Francis Lightfoot Lee (October 14, 1734 – January 11, 1797) was born October 14, 1734, in Westmoreland County, Virginia. He received a home education, which taught him self-discipline. He would serve in the House of Burgesses in Virginia Colony and would become a passionate protester of the Stamp Act and the other Intolerable Acts.
His influence as a delegate of Virginia during the Second Continental Congress helped lead Virginia to declare independence from Great Britain. He served alongside fellow Virginia delegates: Thomas Jefferson, Carter Braxton, Richard Henry Lee, George Wythe, Thomas Nelson Jr., and Benjamin Harrison.

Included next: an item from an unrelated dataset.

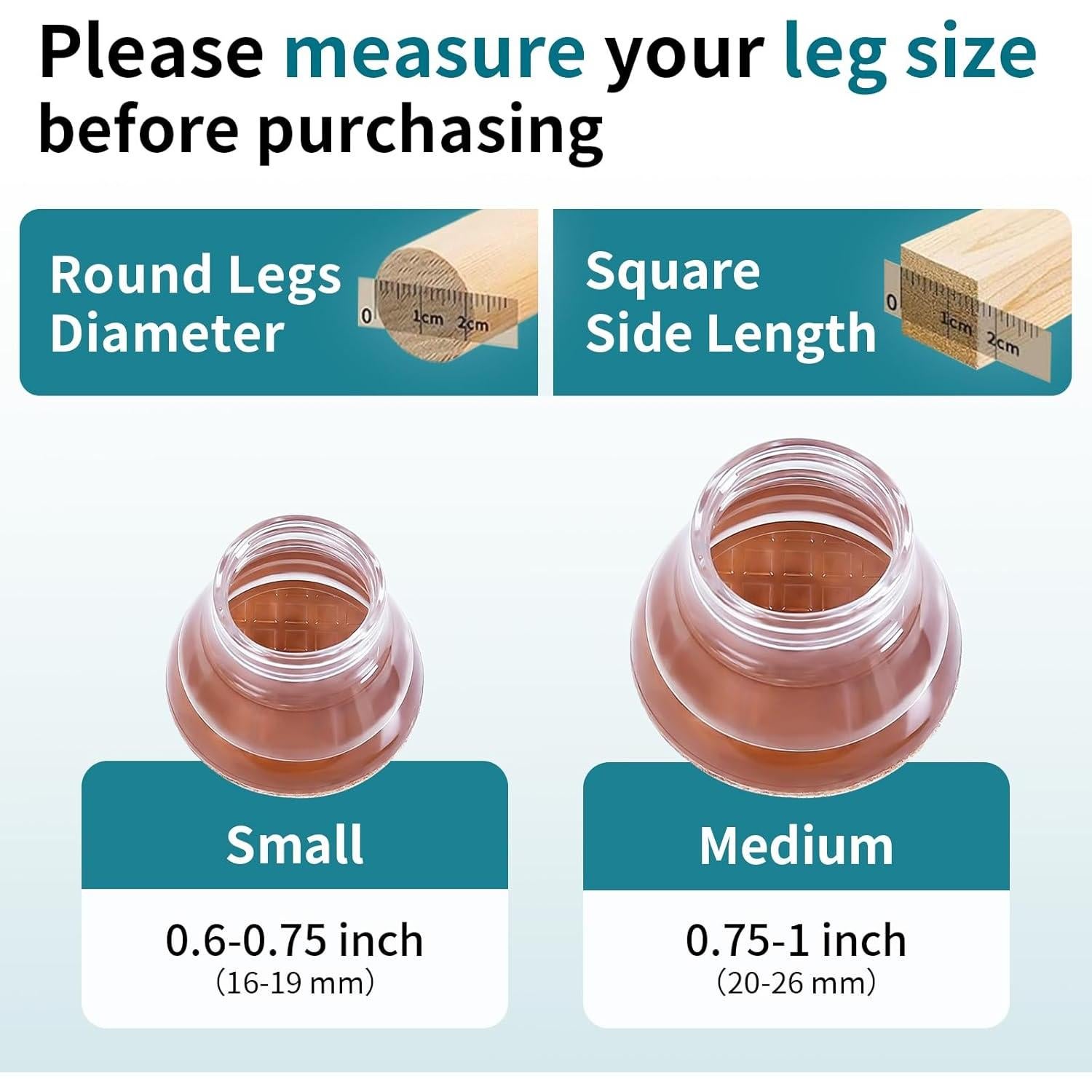 8 Protectores de Piso para Patas de Sillas RCHYFEED - Silicona y Fieltro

- Francis Lightfoot Lee was an influential figure in Virginian politics in the 1770s.
- He attended the Virginia Convention in 1774, which he had called for. He served in the Virginia State Senate from 1778 - 1782, served as a delegate to the First Continental Congress, and served as a delegate to the Second Continental Congress in 1776.
- His voice would be instrumental in convincing the largest colony of the 13 original colonies to join the cause of independence.
- Virginia, being the largest colony, held the most political influence over the colonies. Lee knew that if Virginia joined the cause, it would lead to North Carolina, South Carolina, Georgia, and Maryland joining the cause of liberty.
- He served in the Continental Congress throughout the American Revolutionary War, and his signature would appear not only on the Declaration of Independence but also on the Articles of Confederation.
- Francis Lightfoot Lee died in Richmond, Virginia, on January 11, 1797. He was interred in the family burial ground at Mount Airy Plantation. He died after he saw the nation he served so diligently gain its freedom from Great Britain.
- Francis Lightfoot Lee is not to be confused with Henry Lee, also known as "Lighthorse Harry," who was the father of Robert E. Lee.